Con lo poco que le quedaba, Eder inició el trayecto hacia Veracruz. Sin embargo, al llegar a la terminal de autobuses de Tampico, se encontró con un nuevo obstáculo: la única línea que podía llevarlo a Xalapa se negó a permitirle viajar con sus tres mascotas.  

Como era de esperarse, el rechazo lo dejó desmoralizado. Él y sus perros estaban exhaustos tras días de camino bajo el sol, y la posibilidad de quedar varados sin recursos aumentaba su angustia.  

LLEGÓ LA AYUDA  

Aun así, personas en la terminal se acercaron para ofrecer ayuda improvisada, como permitir que los animales descansaran en un área con aire acondicionado. 
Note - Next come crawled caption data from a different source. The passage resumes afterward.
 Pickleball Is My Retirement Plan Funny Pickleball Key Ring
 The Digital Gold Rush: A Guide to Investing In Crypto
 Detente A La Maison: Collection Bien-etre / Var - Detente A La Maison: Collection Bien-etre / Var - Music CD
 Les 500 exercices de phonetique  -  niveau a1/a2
Lo que se detalló, es que la situación llegó a oídos de la Procuraduría Federal del Consumidor (Profeco) en Tampico, cuyo director, Manuel Leal Villarreal, intervino tras recibir la llamada de una consumidora que presenció el caso.  

A través de una conciliación con la empresa de autobuses, Profeco logró que la línea reconsiderara su postura y permitiera el abordaje de Eder y sus tres compañeros de viaje.  

“Pudimos llegar a un acuerdo favorable y a las 8:00 de la noche ya sale nuestro amigo Eder Vela”, informó Leal Villarreal. 

El caso de Eder refleja una realidad poco visibilizada: la de los migrantes que, además de enfrentar procesos de deportación abruptos, deben luchar por mantener unidas a sus familias, incluyendo sus mascotas.  

Su travesía expone tanto la vulnerabilidad como la resiliencia de quienes regresan con lo mínimo, pero se aferran a lo que más aman.